- Trump ameaçou annihilar toda a civilização iraniana se o governo não reabrir o estreito de Hormuz até as 20h ET, conforme postagem na Truth Social.
- A mensagem cita “mudança completa e total de regime” e encerra com “Deus abençoe o grande povo do Irã”, sugerindo destruição do Estado.
- O prazo vale para reabrir o estreito de Hormuz e evitar ataques a infraestrutura de energia e pontes; Irã disse que o estreito “nunca voltará ao estado anterior”.
- A publicação ocorre após coletiva de imprensa tensa na Casa Branca, com Trump dizendo que “toda a nação pode ser retirada em uma noite”.
- As falas elevam a retórica de guerra enquanto o governo dos Estados Unidos aborda questões de direito internacional, citando as Convenções de Genebra e o Protocolo Adicional I.
Donald Trump voltou a ameaçar o Irã nesta terça-feira, em postagem na rede social Truth Social, caso o governo iraniano não cumpra o prazo de 20h ET para reabrir o estreito de Hormuz. Segundo o presidente, cumprir esse prazo seria crucial para evitar um ataque às infraestruturas energéticas da região.
A postagem indica que, se a exigência não for atendida, pode ocorrer uma mudança radical no regime e até o fim da civilização iraniana.
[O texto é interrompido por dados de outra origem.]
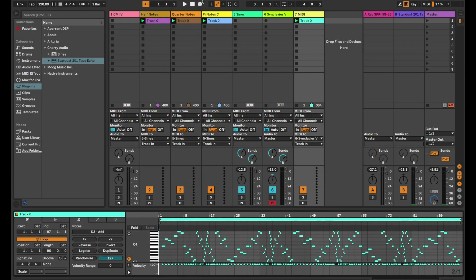Nice. Now let's put it all together to create our full Pi-based composition. We'll add in a little spring reverb and tape delay for good measure.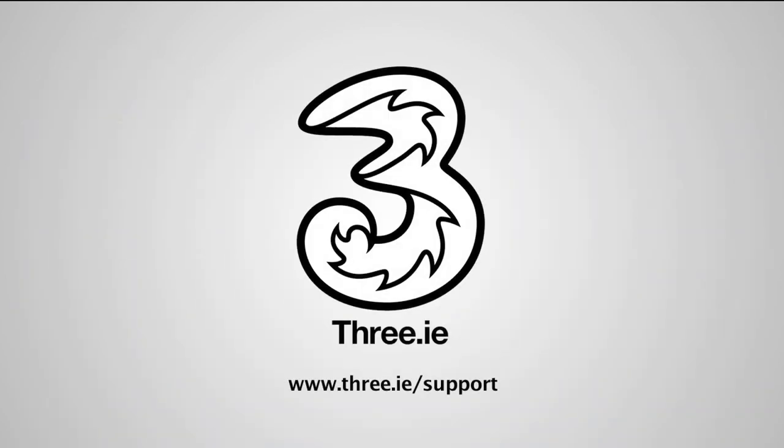For more help and support, visit www.3.ie/support. Thanks for choosing 3.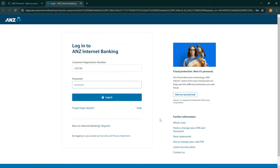And then you will be logged into your ANZ online banking account. So that's how easy it was.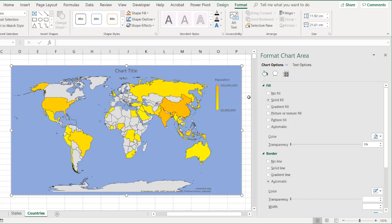So there's the geography data type and also the filled map feature. So I hope that helps. Thanks for watching.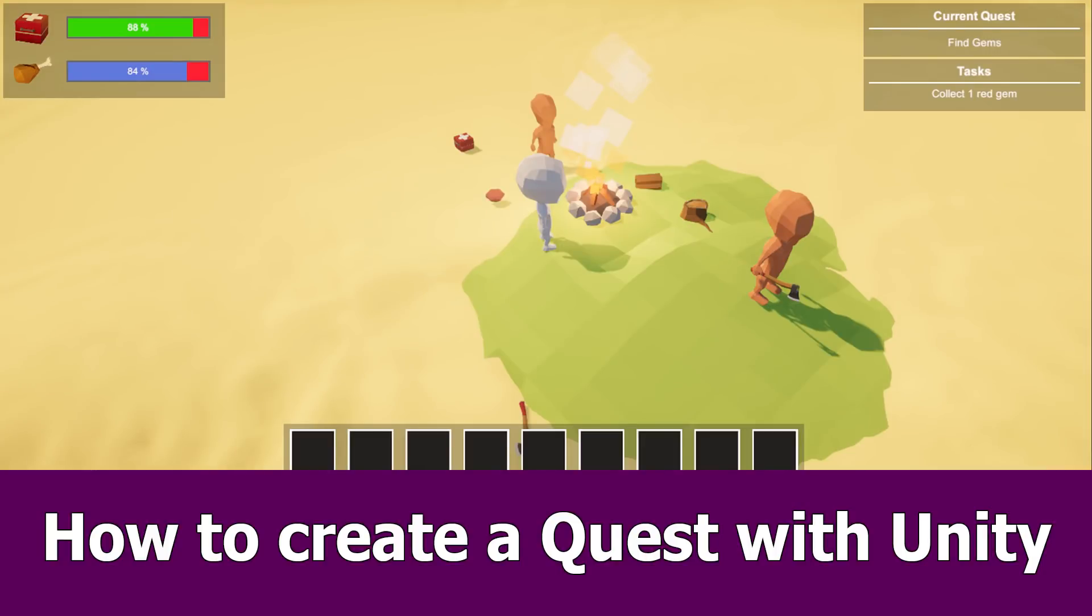Hi guys, in this video I will show you how to create and set up a simple quest with Unity and the Low Poly Game Kit Pro.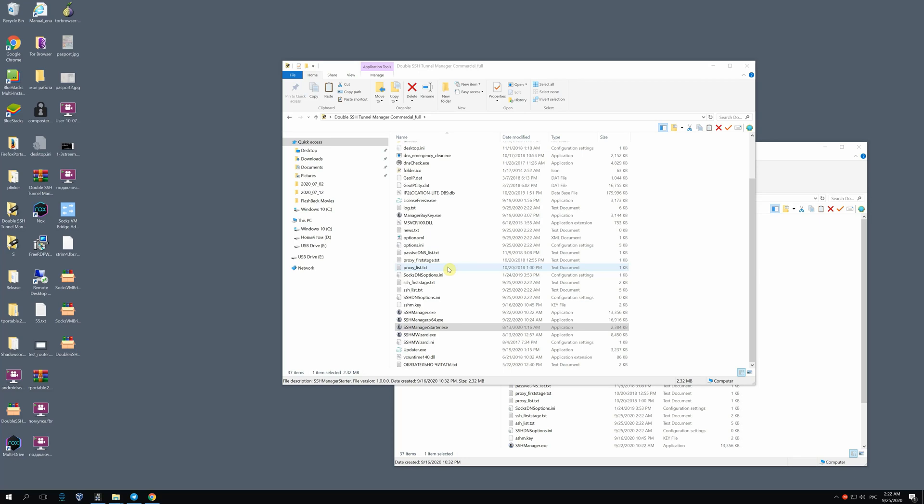Hi everyone! In this video I'll show you how to buy or prolong the key to the existing license of SSH Tunnel Manager on your own.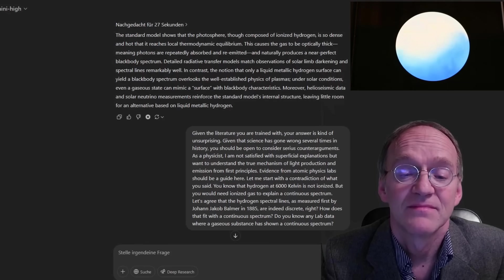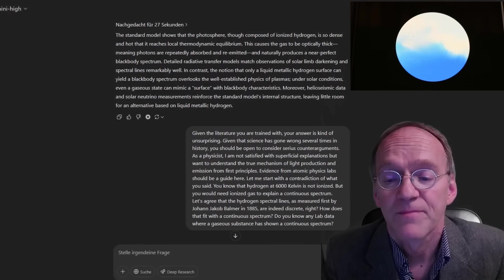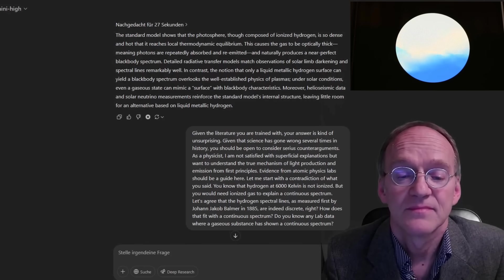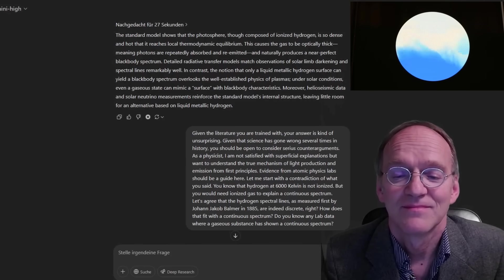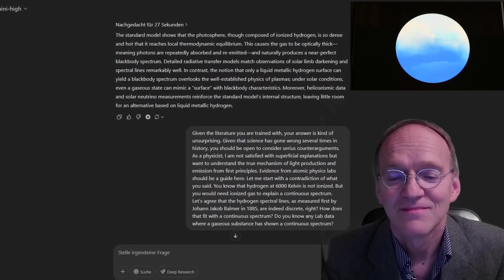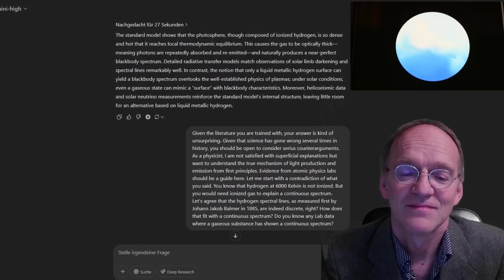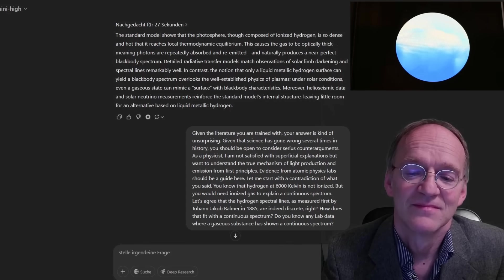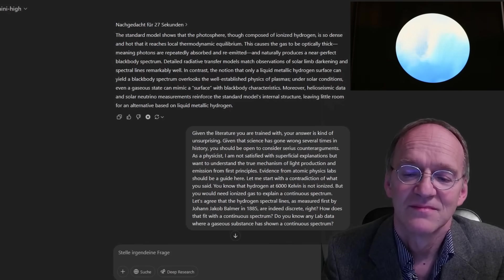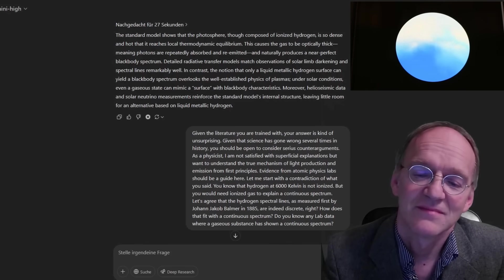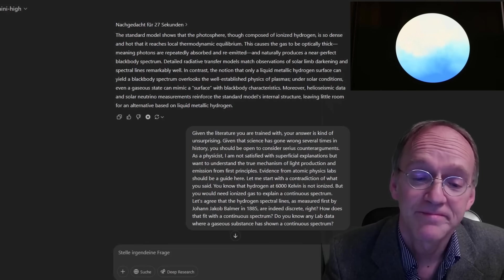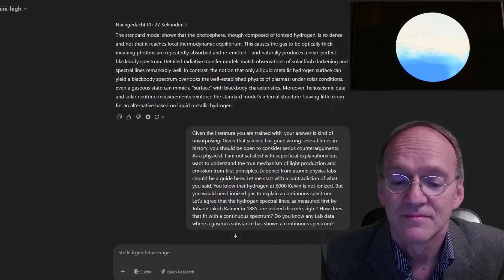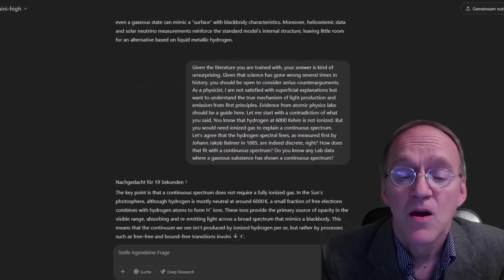In contrast, the notion that only a liquid metallic hydrogen surface can yield a black body spectrum overlooks the well-established physics of plasmas. Under solar conditions, even a gaseous state can mimic a surface with black body characteristics. Moreover, heliosismic data and solar neutrino measurements reinforce the standard model's internal structure, leaving little room for an alternative based on liquid metallic hydrogen.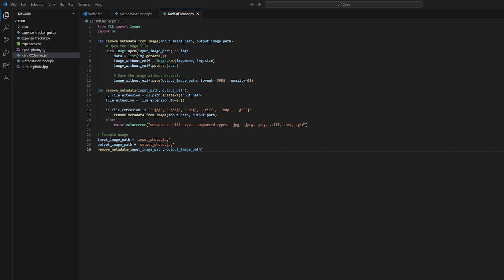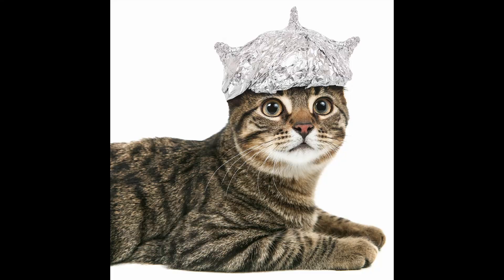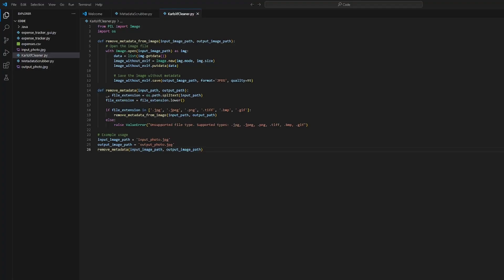Websites like Instagram and Facebook say they remove EXIF data, but can you really trust them? This script will let you remove EXIF data from your photos. It doesn't have a GUI, but you can add one.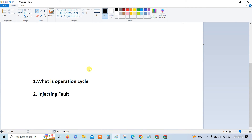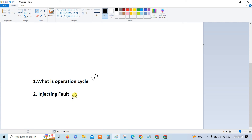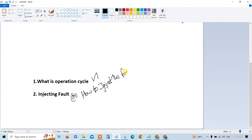In this video I'm going to give an explanation for two questions: what exactly the operation cycle is, and what is injecting fault — or rephrased, how to inject a fault.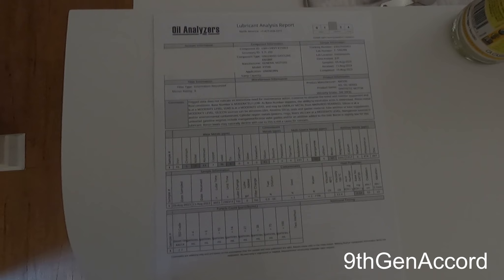None of these wear metals were in the severe range, but the TBN is really what you're keeping an eye on. So we'll report back and we'll compare the oil analysis to the 3,000-mile interval for the oils that I'm testing, and hopefully we'll get some good information from that. So I hope you find this update informative and helpful, and I will talk to you guys on the next one.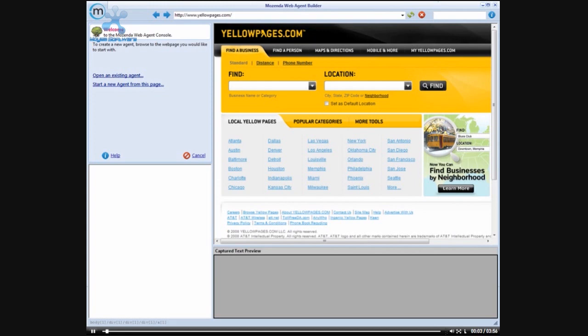We are going to use Mozenda as a lead generation tool. In this example we are going to pretend that we are a mattress manufacturer that is looking for chiropractors that we can use to resell our mattress.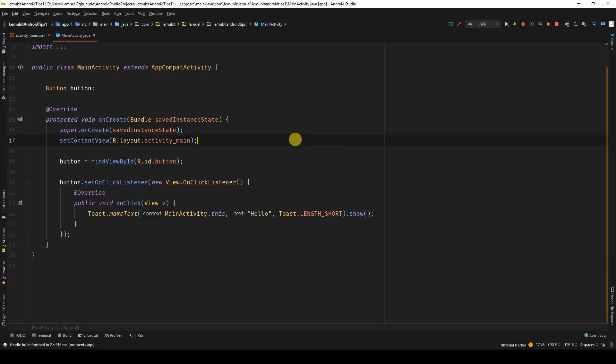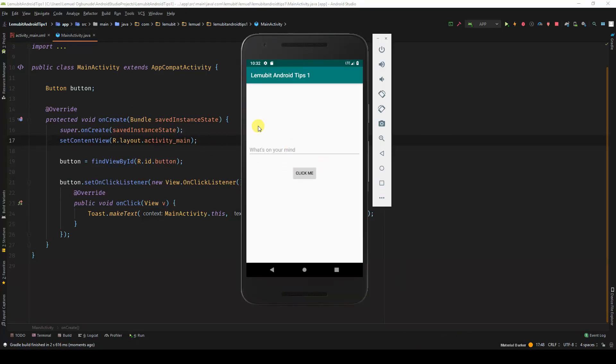So over here, I have a button and all it does is, once I click it, it shows a toast, hello.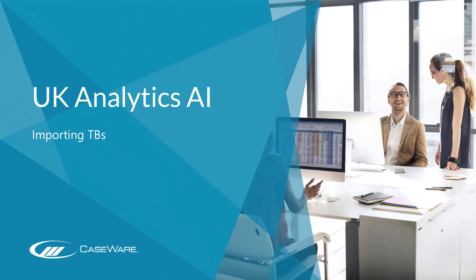In this video, we'll be showing how to import data in Analytics AI.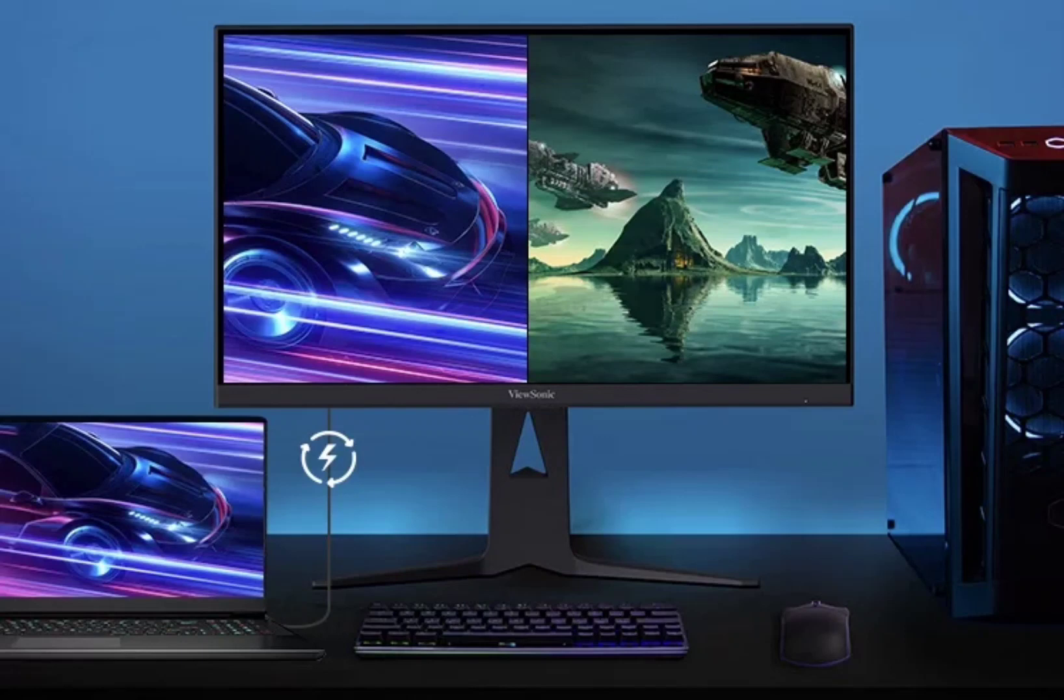While not yet available for purchase, the specs are certainly impressive. The monitor features a 27-inch fast IPS panel with a 3840x2160 resolution, delivering crisp visuals.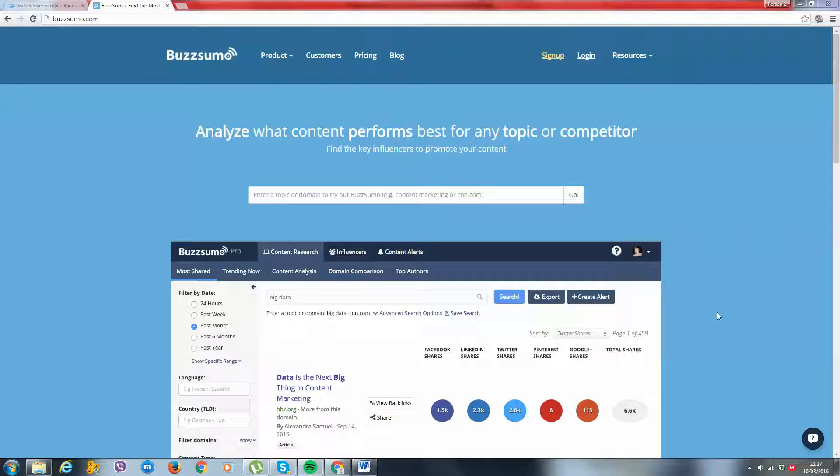Hey there, welcome to module 2. So in this module, we're going to be covering finding content and then actually uploading your content.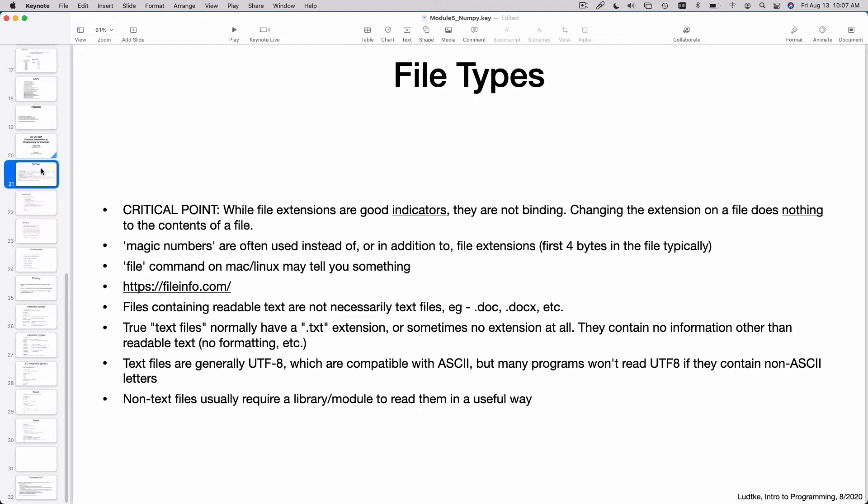This is often a point of confusion. I covered this a little bit a couple of classes ago when we were talking about IPYNB files. For people who are beginners at programming, it's critical to understand that the extension on a file name is usually a good indication of what the file contains, but it doesn't prescribe what's actually in the file.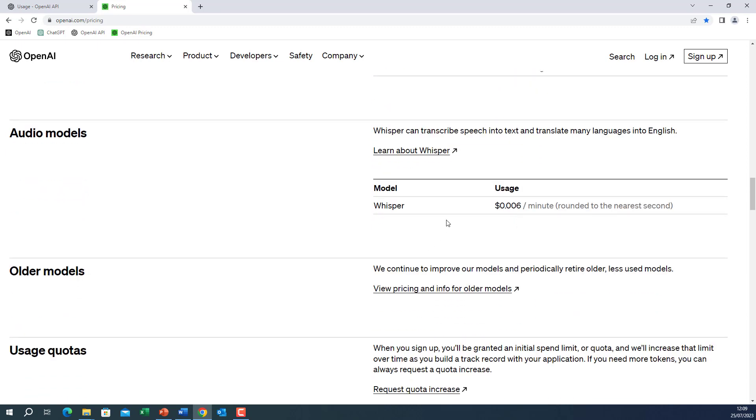Audio as well, whisper when you convert speech text to text, transcribe or translate, you will pay 0.6 of a cent for each minute. So it is 0.006 dollar per minute.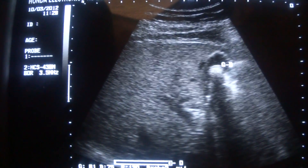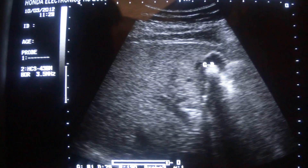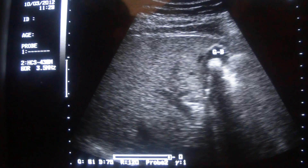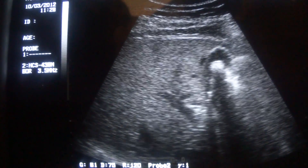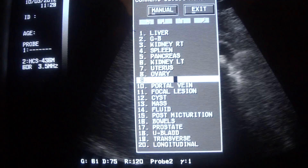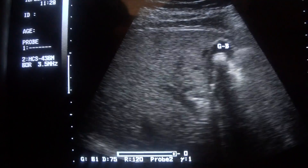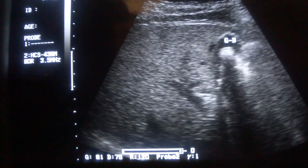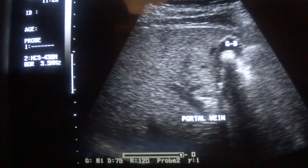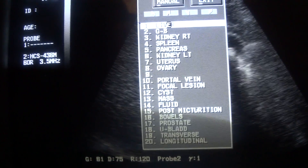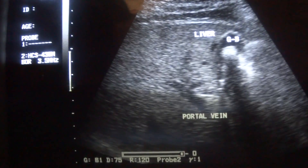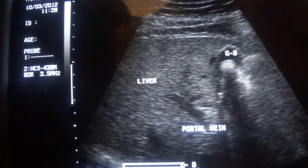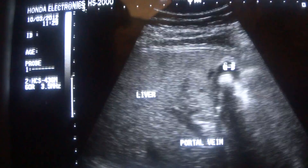This is the gallbladder. This tubular structure is the portal vein. This is the liver. Grading will be that it is fatty.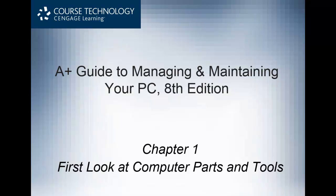Hello everyone and welcome to chapter 1 using our A-plus guide to managing and maintaining your PC. Chapter 1 is over the first look at computer parts and tools. This chapter serves as an introduction to the basic hardware components inside a computer. You will learn how to identify basic PC hardware devices as well as different power connectors used in connecting devices. Safety techniques for handling electronic components are also covered.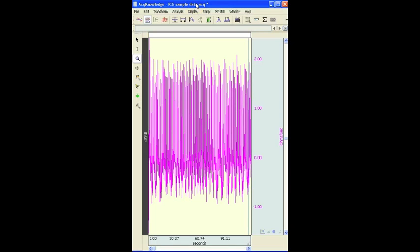The following screencast will provide a demonstration of Acknowledge's Automated Impedance Cardiography DZDT classifier.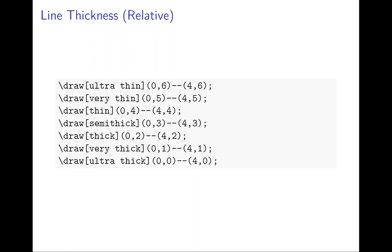Besides dot and dash, sometimes you want to change the thickness of the line. There are two ways to do it. One is relative, one is absolute.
As declarações foram feitas antes de uma possível ofensiva prevista contra infraestrutura estratégica, segundo o tom adotado pelo mandatário.
Em tom duplo, Trump afirmou haver uma obrigação de mudar o governo, ao mesmo tempo em que elogiou o povo iraniano. A comunicação também faz menção a uma longa história de negociações com o Irã desde 1979, sem registrar conclusão de acordo.
Contexto jurídico e consenso internacional
O texto não revela concordância com organismos internacionais, mas remete a princípios do Direito Internacional que protegem civis e infraestrutura essencial. Estados Unidos e Irã não são membros plenos do Tribunal Penal Internacional, o que reduz a incidência de jurisdição direta.
As referências legais citadas incluem normas que proibem punição coletiva de civis e ataques a infraestrutura indispensável à sobrevivência civil, com exceção de alvos estritamente ligados às Forças Armadas adversárias. A interpretação de obrigações humanitárias varia entre governos.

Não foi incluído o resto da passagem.